眼角不經意瞥到張生的屍體,青袍男子腦袋突然嗡的一聲,是了!定然是張生從中搗鬼!
記得前幾日,張生還和自己說,他救太上皇,是本着醫者仁心,只要是病人,作為杏林中人,便該竭盡所能的為其斷症解憂。

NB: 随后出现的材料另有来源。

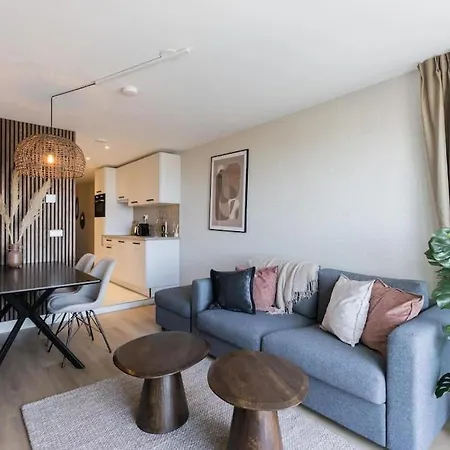 Haya Seaview - The Casino Apartment *
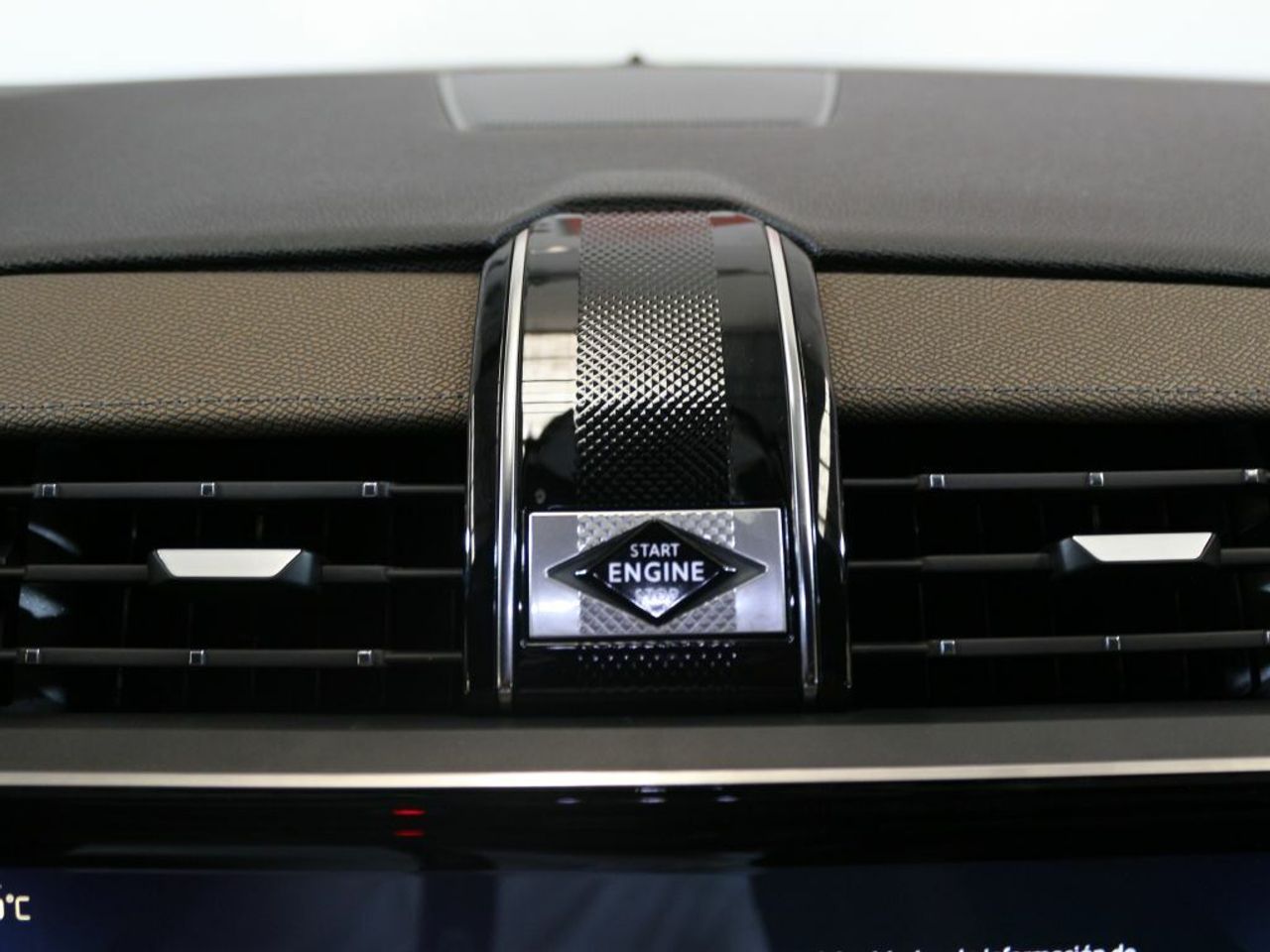 Foto DS Automobiles DS 7 22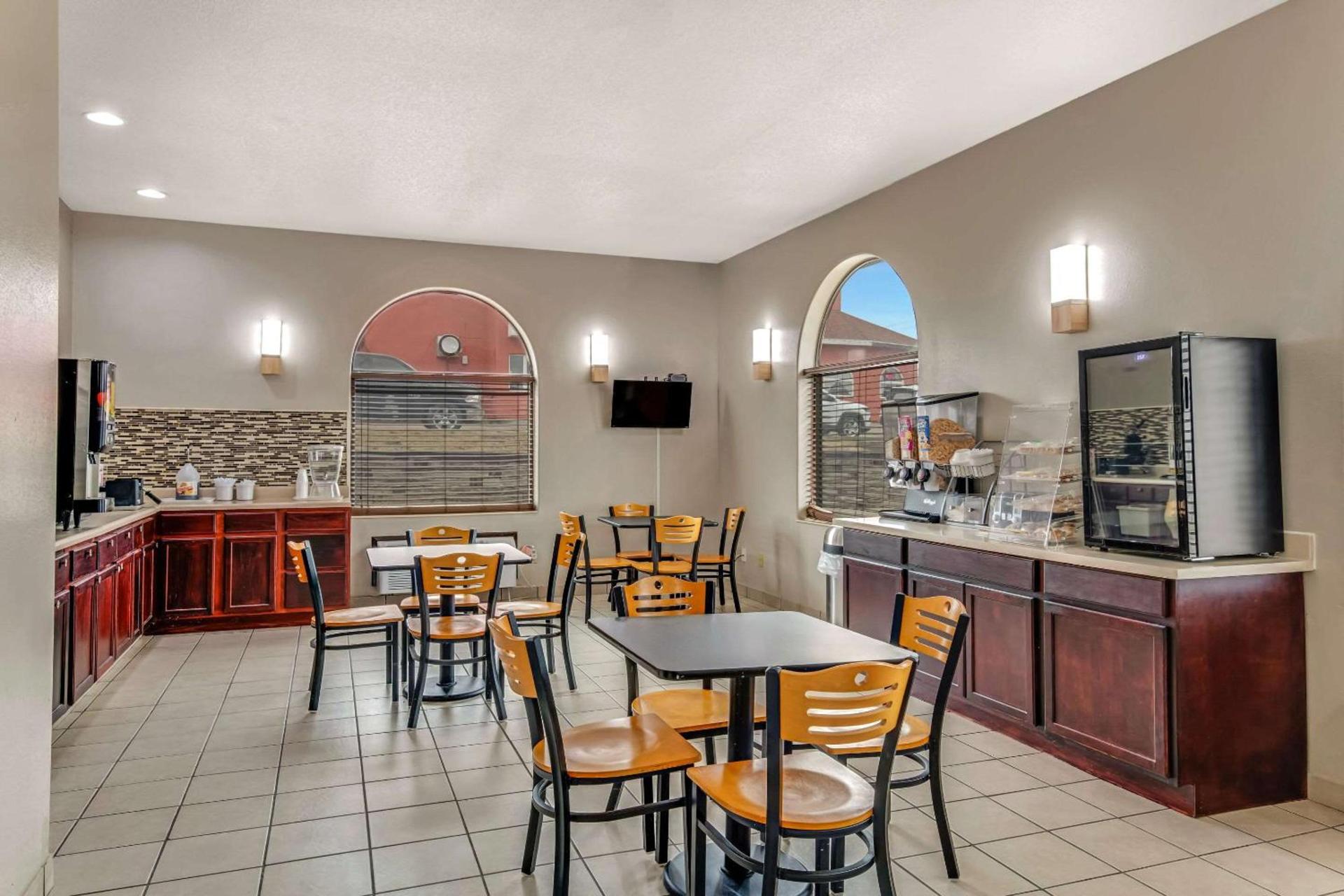 Rodeway Inn Red Oak photo 25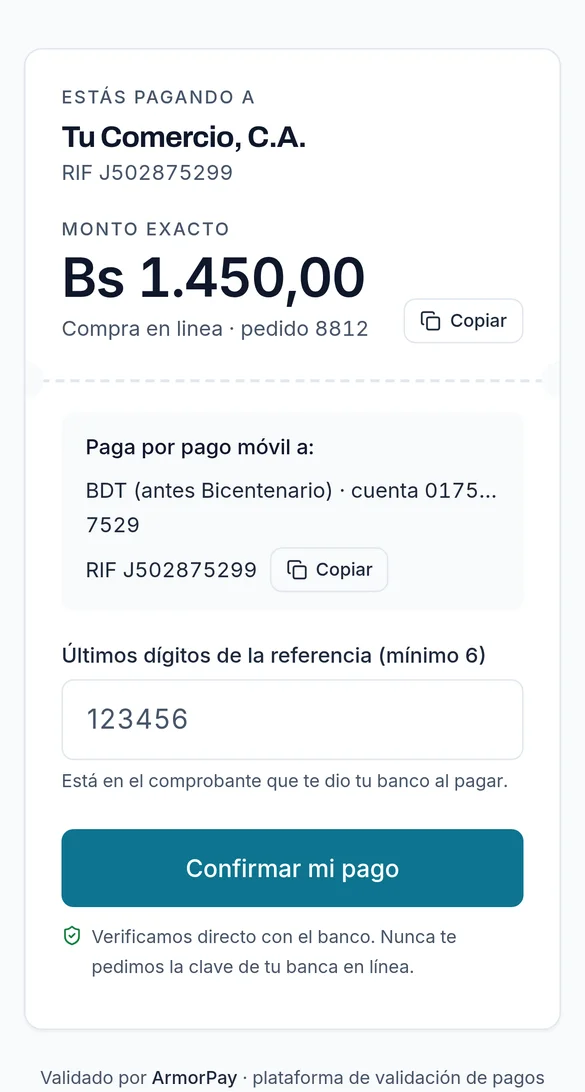 La página de pago de ArmorPay en un teléfono: el monto exacto en bolívares, los datos del comercio y el botón de confirmar el pago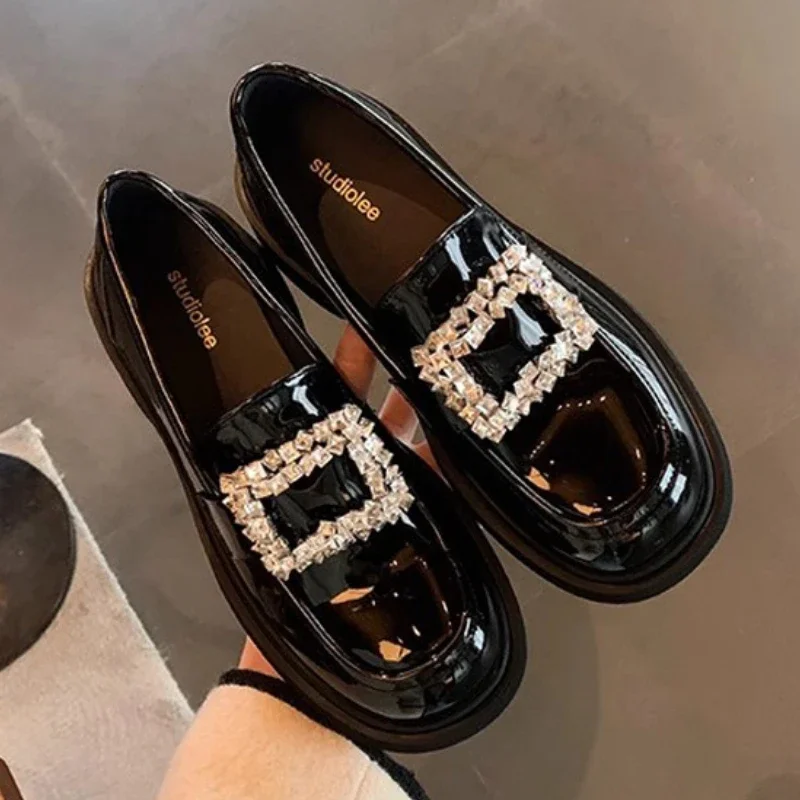 Women Pump New Sparkling Starry Sky Blingbling Diamond Buckle Round Head Thick Bottom Le Fu Style Small Leather Shoe Woman Shoe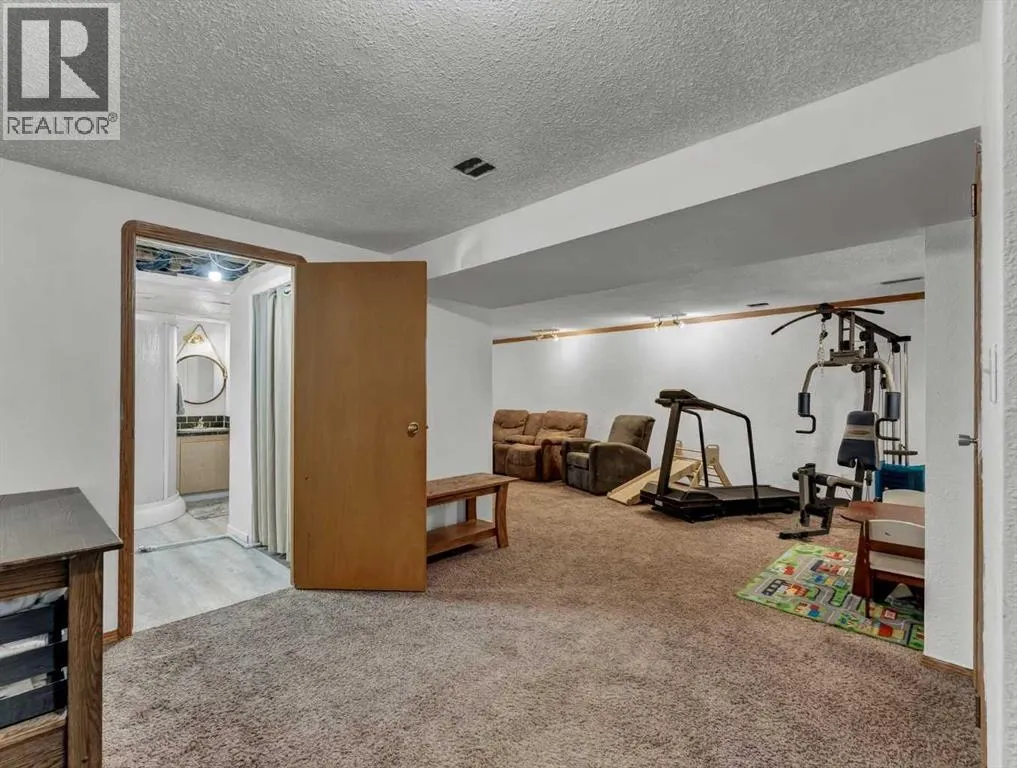 112 Lake Newell Crescent E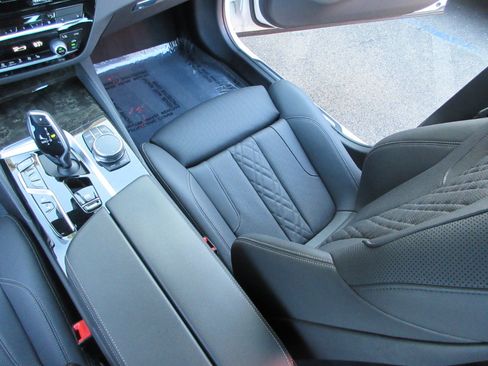 Used 2023 BMW 530e w/ M Sport Package image 20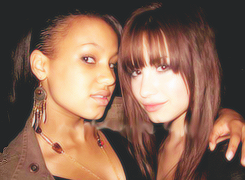 alldevonne:  demi + camp rock backstage; 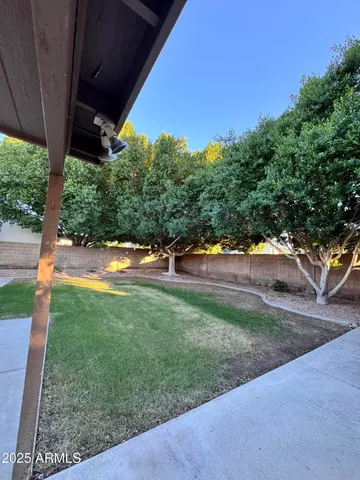 a view of yard with green space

他說話時自己未曾多想,現在看,這個傢伙,顯然並不是不知道他治癒太上皇的後果,他也不是不懂爾虞我詐的人心,甚至自己對他的心思,他也應該有所察覺。
想必這種困局他也有了脫困之法,養生丸出問題必然在他算中,不然,這罪過可是不輕,這小子大智若愚,以前自己多次令他陷入困境,看似每次他都懵懵懂懂的靠運氣脫險,現在回想,那可不是運氣所致,只是他至孝之人,不想令師傅為難,才沒捅破自己為難他的窗戶紙吧?
如果張生在,不管聖上身體出了什麼問題,想來他定能為其分憂並令聖上龍顏大悅不再疑心是丹丸的問題。
但是,自己不知道張生動了什麼手腳,雖說以張生平素為人,斷不會亂用藥令聖上身體染疾損了醫德,最多是小小惡作劇用來脫困,但自己,可不知道他動了什麼手腳啊?
瞥向張生冰冷的屍體,青袍男子現今才知道張生所說給自己一次活命的機會是什麼意思?
這個王八蛋,死了還害人!青袍男子直恨不得將這個心頭刺碎屍萬段,可是,聽到外面傳來軍士整齊的腳步聲和吶喊聲,青袍男子腿下一軟,癱坐在地,真希望這是一場夢,真希望自己的師弟沒有死,突然站起來,用他那慣有的驕傲神態對自己說:「師兄,我去吧1」
他總是這樣,有他在,好像一切的問題都可以迎刃而解。
「你這個王八蛋,你,你別死,別死啊!」青袍男子鼓起最後一絲希望,跪着爬到了張生屍體旁,用力搖晃張生的屍體,可是,張生,終究是死了,屍體漸漸冰涼。
青袍男子慢慢的,癱軟在地上,突然,瘋了一般仰天大笑,窗外,夜幕中,驚起了陣陣鳥雀。